A câmera do celular não inibe o gesto discriminatório (e criminoso) do torcedor. Ele prossegue com sua performance –que com certeza a descreverá como uma brincadeira; ou então vai dizer que estava com coceira, como alegou o torcedor do Boca que fez o mesmo gesto na arena do Corinthians. Policiais chegam, mas não retiram o racista para enquadrá-lo no crime que estava cometendo. Apenas tentam tirá-lo de perto, evitar a "confusão".

Revolução é o que deveria haver ali diante dessa cena. Revolta, indignação, qualquer coisa que mostrasse que quem estava ali ao redor presenciando essa cena não seria conivente com ela. O que houve foi indiferença.

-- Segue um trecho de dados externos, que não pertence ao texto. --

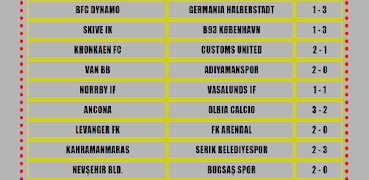HT/FT Predictions Pro Ekran Görüntüsü 3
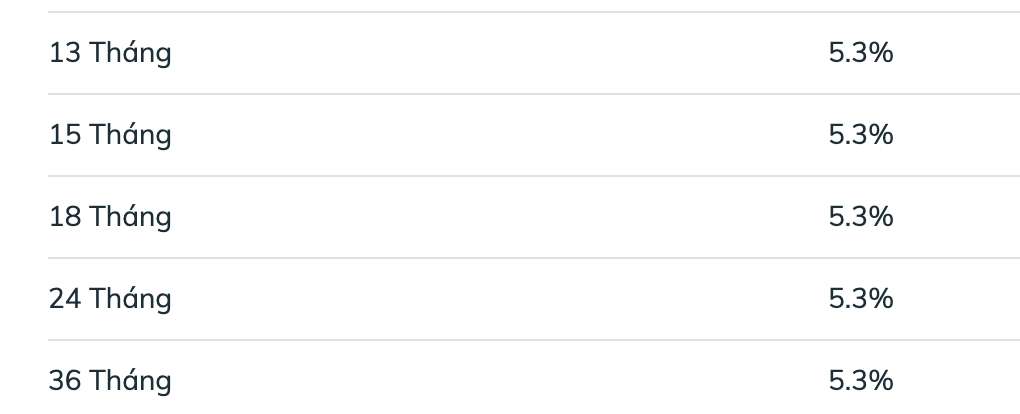 Bieu lai suat tiet kiem BIDV ngay 22.12.2025. Anh: BIDV  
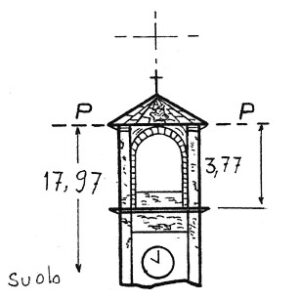 057043 - COLLEGNA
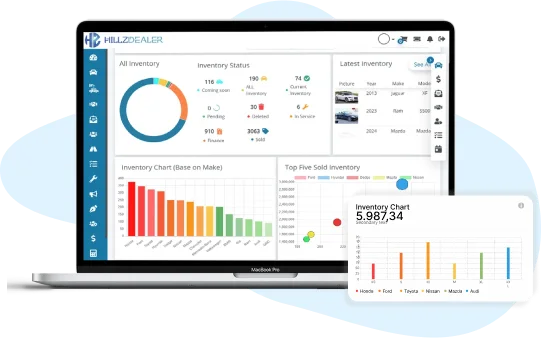 HillzDealer automotive CRM dashboard and dealership reporting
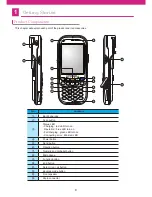 Preview for 9 page of Catchwell CW30 User Manual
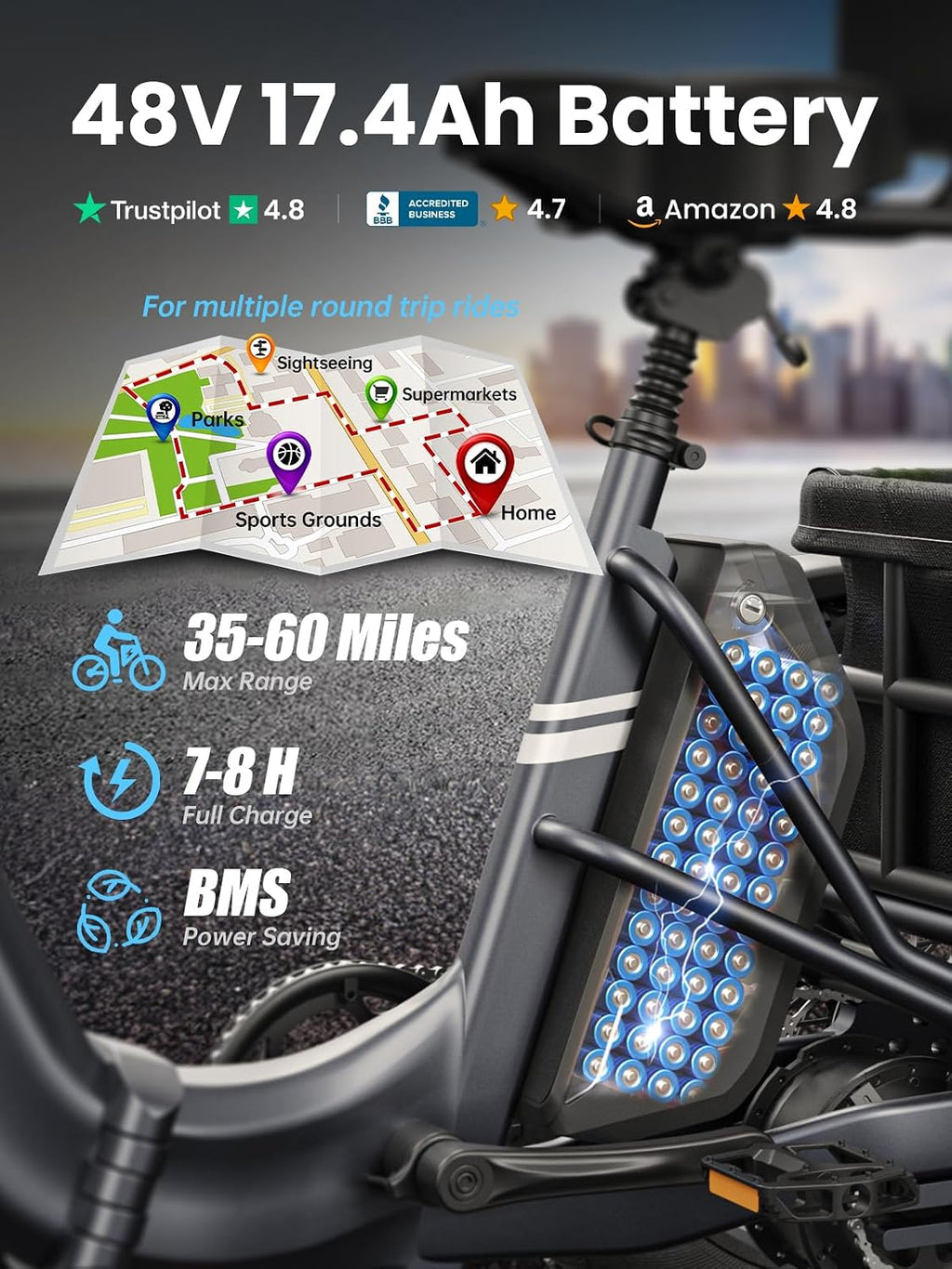 PUCKIPUPPY Electric Tricycle for Adult with 48V 17.4AH Cell Battery, 60 Miles Range Pickup Class Trike, 500 Lbs Load Electric Trike with Rear Differential and 20' Fat Tires, 960W Peak Motor, Husky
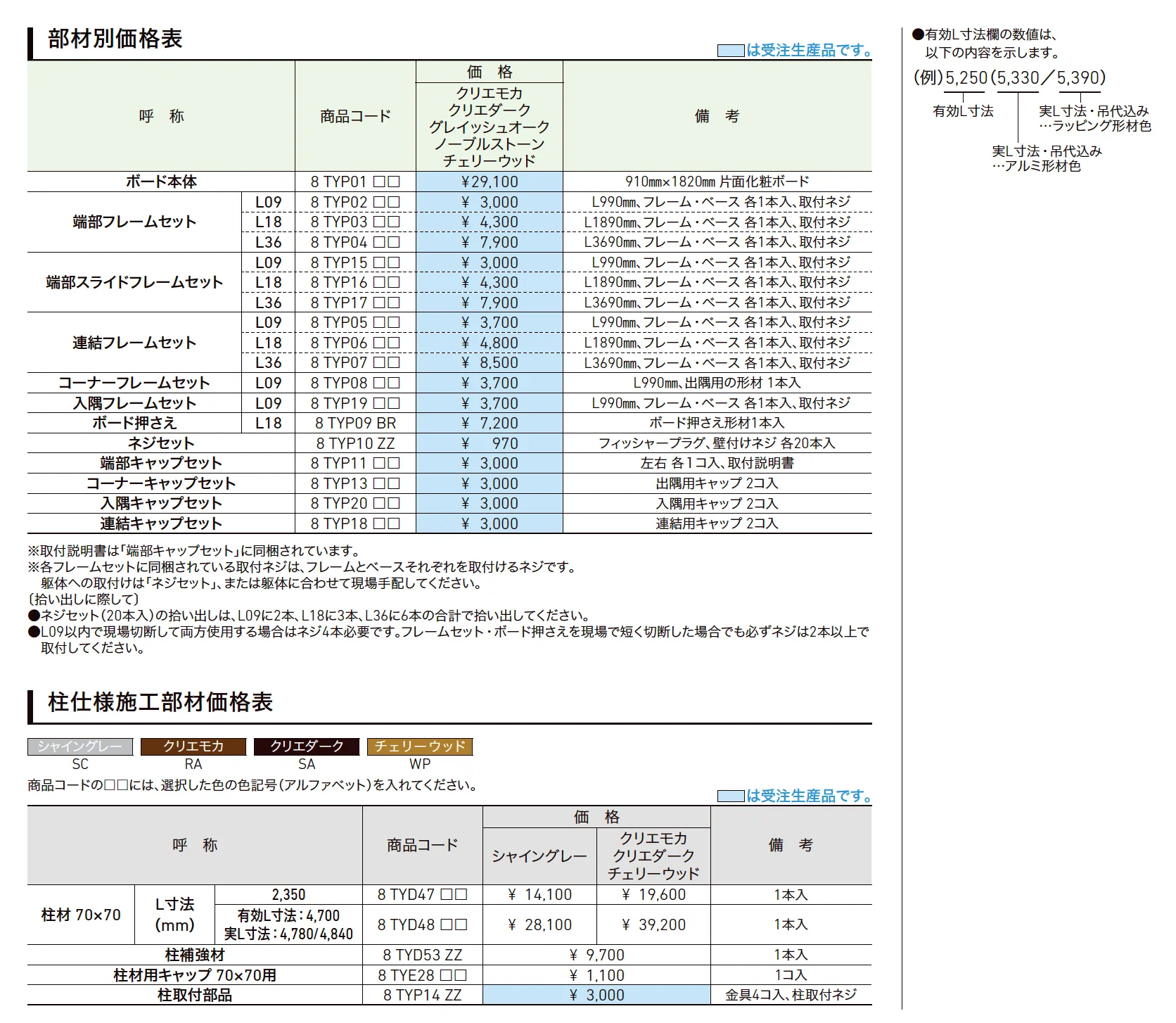 デザイナーズボード【2023年版】_価格_1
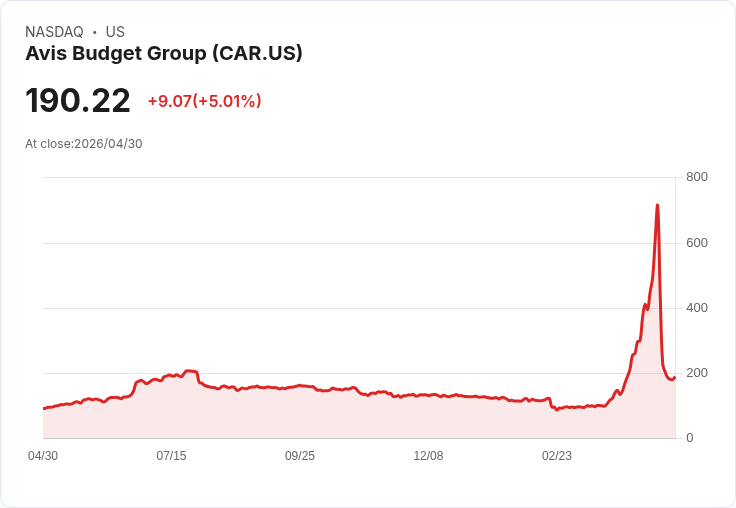 【23:02 即時新聞】Avis Budget Group (CAR) 漲+5.03%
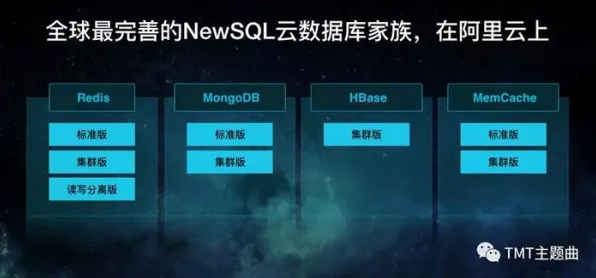 2025全球首发现场»揭秘羊了个羊服务器架构的全貌,与你分享独家内幕信息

Torcedor do São Paulo imita macaco durante partida contra o Fluminense, no Morumbi, em 17 de julho de 2022
Torcedor do São Paulo imita macaco, para indiferença daqueles ao seu redor no estádio do Morumbi - Reprodução/Twitter

É o que costuma ocorrer em casos de racismo, principalmente quando eles acontecem em estádios de futebol. O meio-campista Fellipe Bastos, do Goiás, passou por essa situação no clássico contra o Atletico-GO, quando foi chamado de "macaco" por um torcedor. O jogador pediu que repetisse. E ele repetiu: "macaco".

Quem estava ao redor não fez nada. Não pediu que o racista parasse de dizer aquilo, não chamou policiais, a própria segurança do estádio também se omitiu. Permitiram que as ofensas racistas ocorressem sem qualquer constrangimento para o agressor. Constrangido ali ficou Fellipe Bastos, sem encontrar nenhum respaldo para sua revolta. Ele levou o caso adiante fazendo uma denúncia formal na delegacia.

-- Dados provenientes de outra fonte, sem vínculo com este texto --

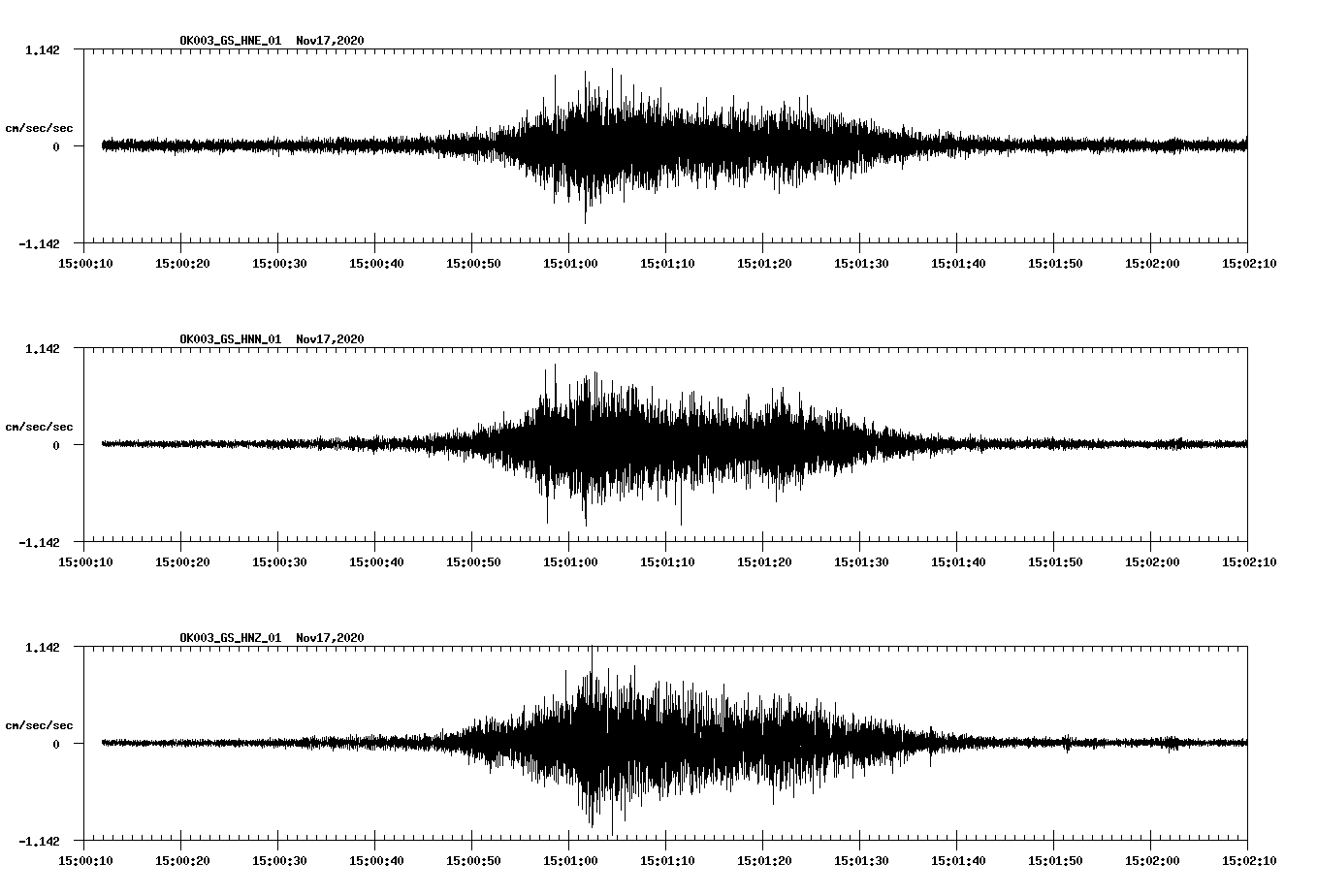 NetQuakes seismogram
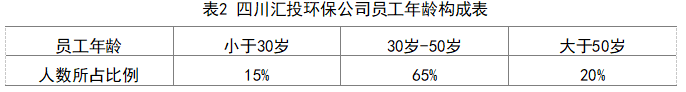 c948ccf40fca6091d3d27ea407945acf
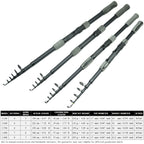 2.1-3.6 Meters Cheap Fishing Rods Lure Spinning Carbon Telescopic Rod Long Shot Trout Lake Sea Fish Rods Fishing Accessories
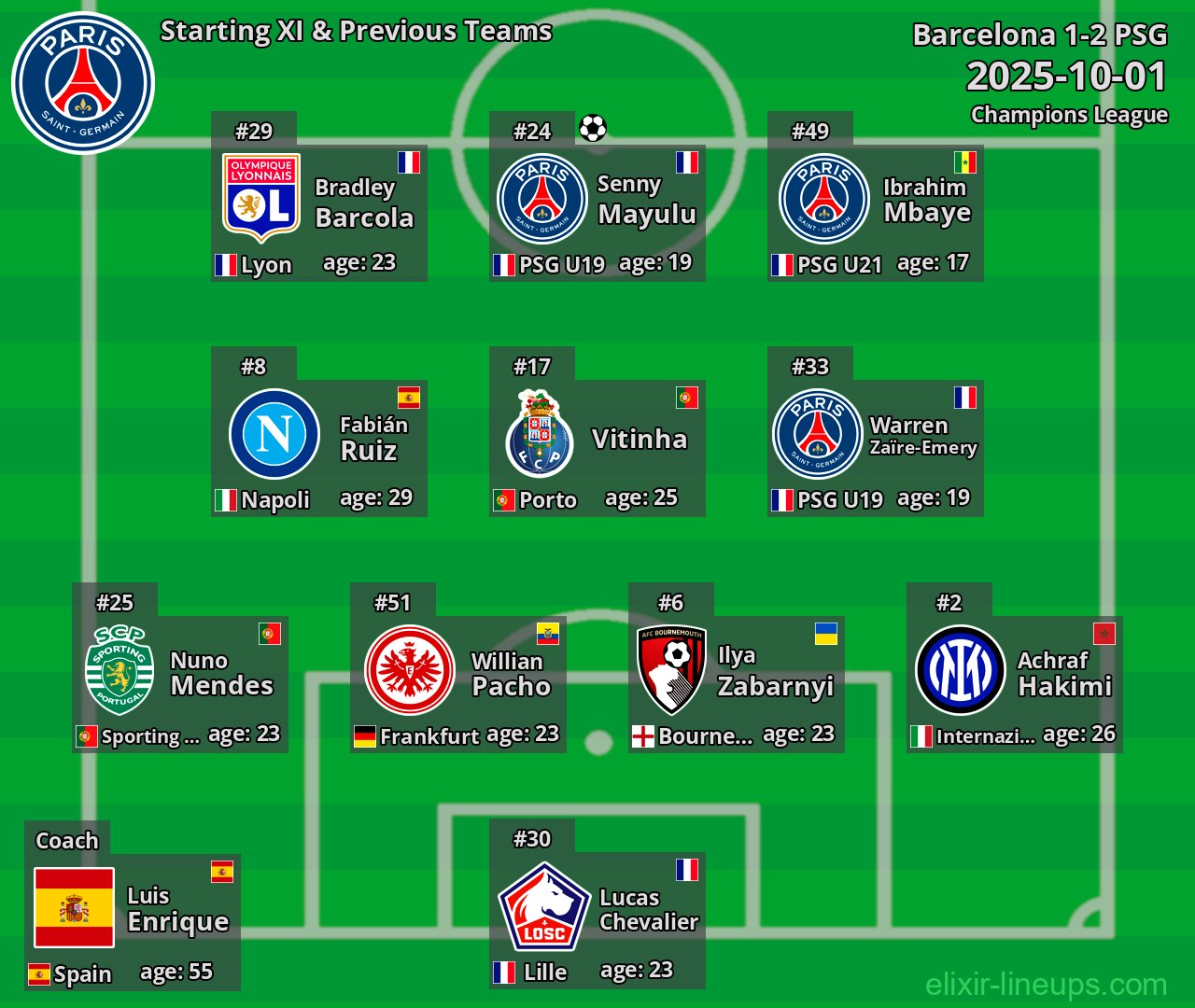 PSG Starting XI & Previous Teams 2025-10-01
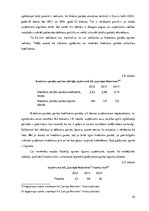 Research Papers 'AS "Latvijas Maiznieks" finanšu analīze', 24.
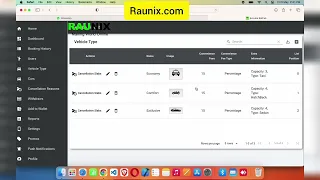 how indriver clone admin work| how taxi app admin works| Raunix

Muita gente faz questão de se manifestar nas redes sociais quando um caso como esse aparece. É importante que o tema ganhe repercussão também na internet, porque isso ajuda a não normalizar mais situações como essa. No entanto, essa "revolta" e "indignação" precisam sair do Twitter ou do Instagram. Nosso antirracismo não pode parar na superficialidade de um post.

Vale destacar que o São Paulo registrou boletim de ocorrência contra os envolvidos e está colaborando para que eles sejam identificados e punidos, segundo informou o clube. Não ficou só na nota de repúdio, aparentemente –ainda bem.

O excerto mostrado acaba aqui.